There is another serious problem that has developed since career and technical classes have been eliminated—more students drop out of school. Career and technical training and trade classes are classes that some students will excel in, and offering those classes will give those students a reason to stay in school and graduate. By not offering career and technical classes, students interested in numerous trade-tech careers are being told that they don't matter—that they are not important—that if they are not "college bound" they are not a good "fit" for the LAUSD. We are sending the wrong message to these students. Our schools belong to our community. And as a community we are harming their chances of being productive members of society as adults.
I believe the LAUSD should should reinstate career and technical training and trade classes, including wood-shop, machine-shop, graphic design, drafting, and construction-related classes. I believe the LAUSD should also create a trade-tech diploma so students that choose a path other than college have an additional reason to stay in school, to work hard, and to graduate with a diploma that will help them get a job in a field that interests them and in which they have been trained.
Students that decide to seek a trade-tech diploma would have the choice to elect the trade-tech route after the 10th grade.
There are many ways that the LAUSD can cover the costs of the trade-tech curriculum. It is very likely that the trade-tech curriculum would be cost/revenue neutral because many students that seek the trade-tech route will be spending more time on campus and in class which will increase the amount of "ADA" (Average Daily Attendance) funds received by their school.
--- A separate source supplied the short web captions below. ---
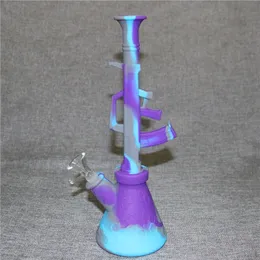 11 polegadas de altura Silicone Bong Dab Rig Silicon Hookah Shisha Water Tubs Portable Hookah Bubble Oil Plates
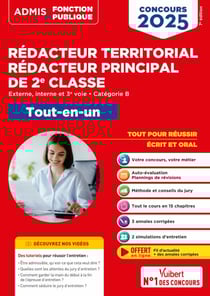 Concours Rédacteur territorial et Rédacteur principal de 2e classe - Catégorie B - Tout-en-un - Externe, interne, 3e voie - Concours 2025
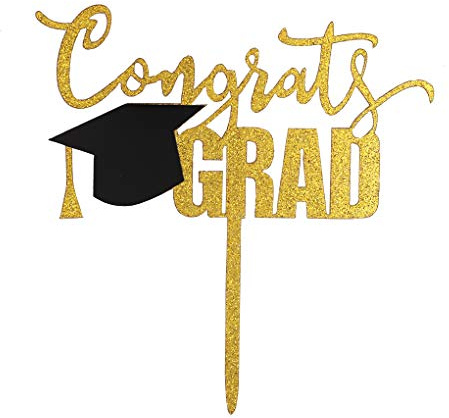 Topfunyy Congrats Grade Cake Topper Gold Acryl Topper für Abschlussfeier Party Dekorationen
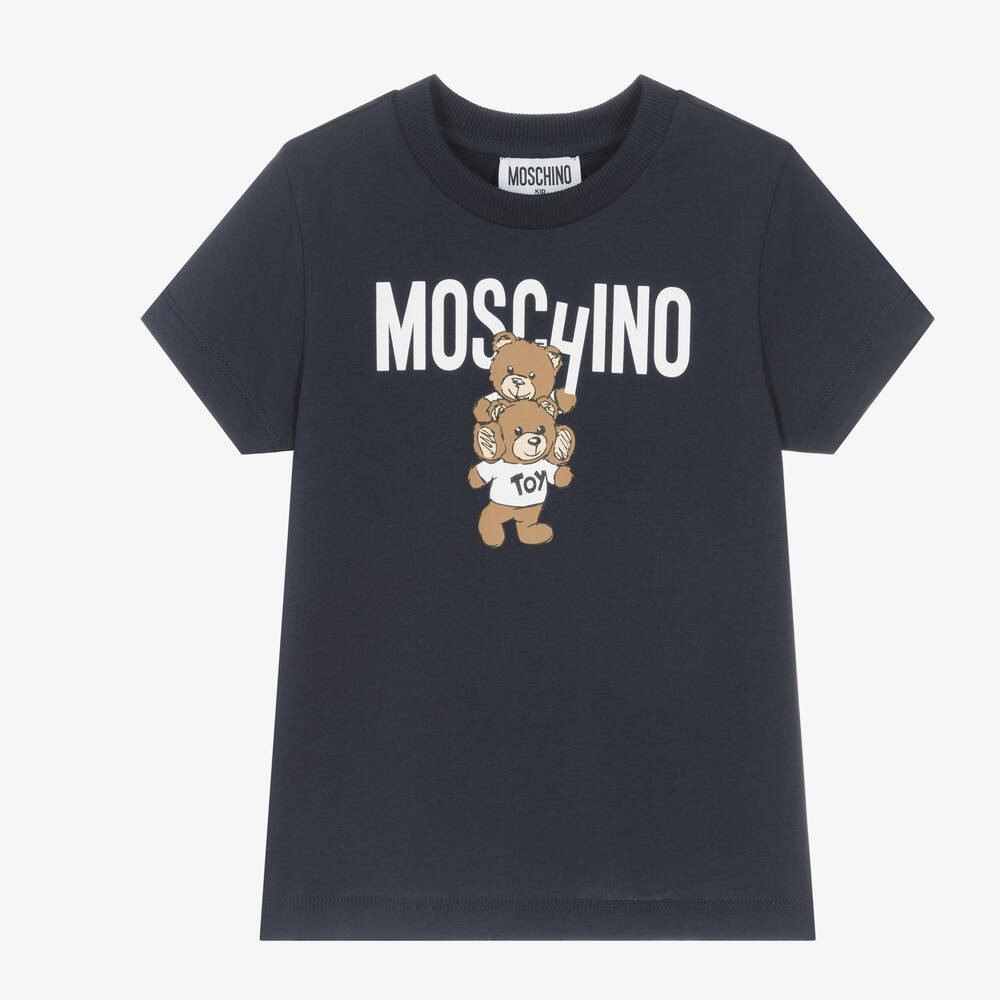 Moschino Kid-Teen-Navy Blue Cotton Teddy Bear T-Shirt | Childrensalon Outlet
Furthermore, additional revenue covering the cost of the trade-tech curriculum would be created through internship opportunities with the private business sector. Students could participate in work-study programs where a company pays into a program that enables students to spend time working for the company to gain on-the-job experience. Obviously, students that do a good job as an intern through such a work-study program would have a leg-up in getting a full-time job after graduation with the company the student interned for.
There may also be opportunities for state, federal, and private grants as a result of such a new job-placement program within the LAUSD.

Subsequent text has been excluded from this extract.